Abysmal Darkening ‘Sub Terra’ CD 2015
Abysmal Darkening is a doom metal project from Tilburg with a particular blackened flavour. Earlier this year they released their second album after four years of waiting, titled Sub Terra. A dark and bewildering trip into darkness and depression and that was released by Totalrust Music from Israel.
The band features (former) members of bands like Sauron, Bunkur, Verbum Verus and Planet Aids. Therefore, the experience among the troops is enough to create something pretty powerful. The record clocks about 46 minutes and has seven tracks to enjoy. It’s one of those records that makes the sun feel a bit more dimmed and clouds a little darker. With an occult atmosphere and a love for darkness Abysmal Darkening know what they’re doing.

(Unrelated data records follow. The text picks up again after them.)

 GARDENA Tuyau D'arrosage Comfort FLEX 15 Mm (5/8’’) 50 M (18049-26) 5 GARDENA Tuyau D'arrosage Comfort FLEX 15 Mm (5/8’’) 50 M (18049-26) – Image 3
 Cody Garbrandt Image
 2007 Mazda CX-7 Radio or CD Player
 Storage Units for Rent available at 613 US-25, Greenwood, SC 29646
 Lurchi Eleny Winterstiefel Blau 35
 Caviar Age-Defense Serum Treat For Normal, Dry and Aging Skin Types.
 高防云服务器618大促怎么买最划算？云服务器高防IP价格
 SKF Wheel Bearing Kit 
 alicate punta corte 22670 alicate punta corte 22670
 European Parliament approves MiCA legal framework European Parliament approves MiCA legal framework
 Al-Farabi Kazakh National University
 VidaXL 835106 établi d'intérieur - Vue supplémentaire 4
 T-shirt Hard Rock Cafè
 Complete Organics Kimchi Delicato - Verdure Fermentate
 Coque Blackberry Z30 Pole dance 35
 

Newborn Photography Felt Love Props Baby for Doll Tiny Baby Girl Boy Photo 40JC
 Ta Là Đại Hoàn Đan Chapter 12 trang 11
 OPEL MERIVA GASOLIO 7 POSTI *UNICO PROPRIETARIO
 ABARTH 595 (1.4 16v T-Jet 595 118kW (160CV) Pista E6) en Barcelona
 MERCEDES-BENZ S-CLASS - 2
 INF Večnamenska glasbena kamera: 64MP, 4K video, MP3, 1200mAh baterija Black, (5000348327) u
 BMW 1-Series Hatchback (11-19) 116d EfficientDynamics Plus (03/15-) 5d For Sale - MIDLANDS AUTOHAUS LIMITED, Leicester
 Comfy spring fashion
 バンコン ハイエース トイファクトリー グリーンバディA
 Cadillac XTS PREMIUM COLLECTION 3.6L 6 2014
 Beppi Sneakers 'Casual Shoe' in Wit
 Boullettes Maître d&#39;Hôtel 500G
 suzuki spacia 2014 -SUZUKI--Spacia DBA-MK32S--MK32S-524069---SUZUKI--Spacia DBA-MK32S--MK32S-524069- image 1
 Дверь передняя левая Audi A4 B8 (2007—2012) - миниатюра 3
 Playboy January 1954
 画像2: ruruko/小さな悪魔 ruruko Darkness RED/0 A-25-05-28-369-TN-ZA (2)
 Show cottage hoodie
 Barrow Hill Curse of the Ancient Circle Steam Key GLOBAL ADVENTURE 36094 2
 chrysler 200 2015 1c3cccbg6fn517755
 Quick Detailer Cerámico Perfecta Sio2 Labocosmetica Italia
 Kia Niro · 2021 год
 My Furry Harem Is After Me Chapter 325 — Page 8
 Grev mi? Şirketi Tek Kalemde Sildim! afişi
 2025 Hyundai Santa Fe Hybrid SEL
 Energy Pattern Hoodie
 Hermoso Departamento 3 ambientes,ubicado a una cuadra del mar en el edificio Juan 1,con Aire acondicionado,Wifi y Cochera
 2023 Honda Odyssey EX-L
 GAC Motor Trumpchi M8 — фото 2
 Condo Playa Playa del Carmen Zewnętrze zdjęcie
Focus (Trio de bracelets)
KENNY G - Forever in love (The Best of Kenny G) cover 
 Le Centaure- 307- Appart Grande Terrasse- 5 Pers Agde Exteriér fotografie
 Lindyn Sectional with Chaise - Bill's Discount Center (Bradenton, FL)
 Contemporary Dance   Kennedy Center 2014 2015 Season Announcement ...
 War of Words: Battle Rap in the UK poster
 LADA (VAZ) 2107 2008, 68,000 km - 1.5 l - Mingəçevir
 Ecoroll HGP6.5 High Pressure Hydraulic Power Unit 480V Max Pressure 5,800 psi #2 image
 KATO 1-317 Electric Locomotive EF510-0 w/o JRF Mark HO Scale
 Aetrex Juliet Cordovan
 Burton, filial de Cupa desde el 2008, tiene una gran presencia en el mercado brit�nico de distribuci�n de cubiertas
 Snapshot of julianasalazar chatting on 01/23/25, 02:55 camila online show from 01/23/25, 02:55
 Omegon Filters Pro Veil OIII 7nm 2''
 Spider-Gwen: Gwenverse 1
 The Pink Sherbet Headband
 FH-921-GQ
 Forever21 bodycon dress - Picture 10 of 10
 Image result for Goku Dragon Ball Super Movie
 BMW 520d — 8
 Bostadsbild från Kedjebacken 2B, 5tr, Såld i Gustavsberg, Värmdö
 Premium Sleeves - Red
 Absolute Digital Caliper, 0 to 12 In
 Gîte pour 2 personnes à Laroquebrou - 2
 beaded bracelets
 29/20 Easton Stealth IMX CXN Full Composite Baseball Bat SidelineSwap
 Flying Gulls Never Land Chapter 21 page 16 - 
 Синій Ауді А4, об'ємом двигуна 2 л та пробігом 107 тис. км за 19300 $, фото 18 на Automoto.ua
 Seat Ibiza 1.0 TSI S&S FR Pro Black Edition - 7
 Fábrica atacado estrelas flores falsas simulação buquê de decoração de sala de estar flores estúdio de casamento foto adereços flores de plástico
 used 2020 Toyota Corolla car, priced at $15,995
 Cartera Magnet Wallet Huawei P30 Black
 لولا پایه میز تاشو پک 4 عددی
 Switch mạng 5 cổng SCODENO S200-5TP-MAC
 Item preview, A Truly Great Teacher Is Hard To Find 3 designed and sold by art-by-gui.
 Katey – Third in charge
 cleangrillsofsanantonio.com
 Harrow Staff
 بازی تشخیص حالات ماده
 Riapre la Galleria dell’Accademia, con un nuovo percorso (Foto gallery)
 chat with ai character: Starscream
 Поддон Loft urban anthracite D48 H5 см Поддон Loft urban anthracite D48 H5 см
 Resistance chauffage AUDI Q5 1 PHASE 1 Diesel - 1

The overall feel of the record is such that Abysmal Darkening actually doesn’t need tricks to create an eerie and dark atmosphere. The slow, crawling guitar tones create the feeling of a slow, lumbering progression with a dramatic grandeur. Throughout the record, that atmospheric element constantly remains present like a template for the further elements of the songs.
The vocals shift between desperate howls and monotonous mockery, like someone leering at you from the dark. The feeling of a haunted crypt is not a far off description for what you receive as a listener from this band. Even grimmer are songs like A King Forever, which is actually sung in a croaking, morbid voice in the Dutch language. An element repeated later on the track De Doodgraver (The Gravedigger). The lyric matter of the band deals with topics like pagan magic, eldritch horror and simple misanthropy, something the band easily conveys.
On various songs the black metal influences shine through in the layer upon layer of guitars, forming that familiar bleak wall. This is only emphasises that continuous, weary sound of Abysmal Darkening, making this such a captivating listen, where you simply are dragged along with the tones. It’s not surprising to hear these elements come back, giving it that truly doomed feeling and adding a whole layer to the sound of the band. It’s a bit like a Hitchcock film, there’s hardly any need for the frontal assaults, the suspense is enough for this band to create an aural version of exactly that.
Sub Terra has become one harrowing experience, combining doom with pitch black elements to create a descent into the dark for the listener. Well worth your time, obviously.